De fato, a política do BCRA tem sido, há muito, manter a taxa de câmbio num patamar aproximadamente constante, corrigindo-a periodicamente. Tomando arbitrariamente como base a taxa média de câmbio de 2003 (a escolha do período é irrelevante), observa-se no gráfico uma quase fixação do câmbio desde aquele momento. Comparado ao segundo trimestre de 2003, quando a moeda se estabilizou após o descontrole de 2002, o câmbio desvalorizou-se 8%, refletindo precisamente o regime monetário-cambial adotado pelo país.
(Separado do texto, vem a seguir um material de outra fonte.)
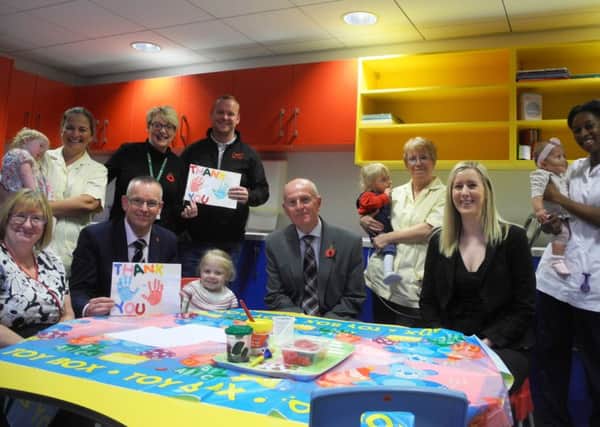 Staff and children at Brian House with visitors from HSBC and Room in the bright new craft area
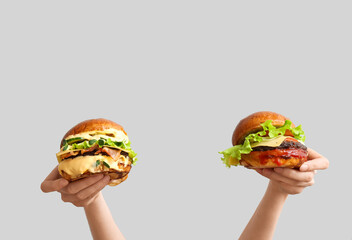 Female hands with tasty burgers on white background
No entanto, a inflação não desapareceu. O deflator do PIB (disponível até o terceiro trimestre de 2008) mostra a inflação na casa de dois dígitos desde meados de 2005 e em torno de 20% ao ano nos últimos quatro trimestres. Ajustando-se a taxa de câmbio à diferença entre a inflação argentina e americana vê-se que a aparente estabilidade da taxa de câmbio nominal oculta forte valorização real da moeda, da ordem de 22%, entre o segundo trimestre de 2003 e o terceiro trimestre de 2008.

Consistente com a apreciação cambial, a demanda doméstica cresce 1,7% ao ano à frente do PIB desde o final de 2003 (ambos medidos a preços constantes, dado que não é possível usar os dados a preços correntes sem esbarrar em problemas sérios no caso de países com inflação elevada). Assim, ao início de 2003 a demanda doméstica correspondia a pouco mais de 91% do PIB, enquanto no terceiro trimestre do ano passado já superava o PIB em 0,7%. O investimento aumentou (de 12% para 23% do PIB no período), tendo, porém, como contrapartida a queda de 8% do PIB do saldo em conta corrente, o resto financiado pela queda do consumo do governo (esta sim, a lição que poderíamos aprender).

A evidência, portanto, refuta as teses sobre competitividade cambial e aumento da poupança. A “análise” repousa sobre dados que simplesmente desconsideram os efeitos da inflação sobre a competitividade externa e contas nacionais. Fingir que a inflação não existe é cômodo, mas resulta em ilusões que não resistem a um pouco de rigor no tratamento dos números.



(Publicado 4/Fev/2009)

P.S. No gráfico original a legenda estava trocada. Agradeço ao Gabriel Gava que não apenas percebeu o problema, como ainda mandou uma versão correta.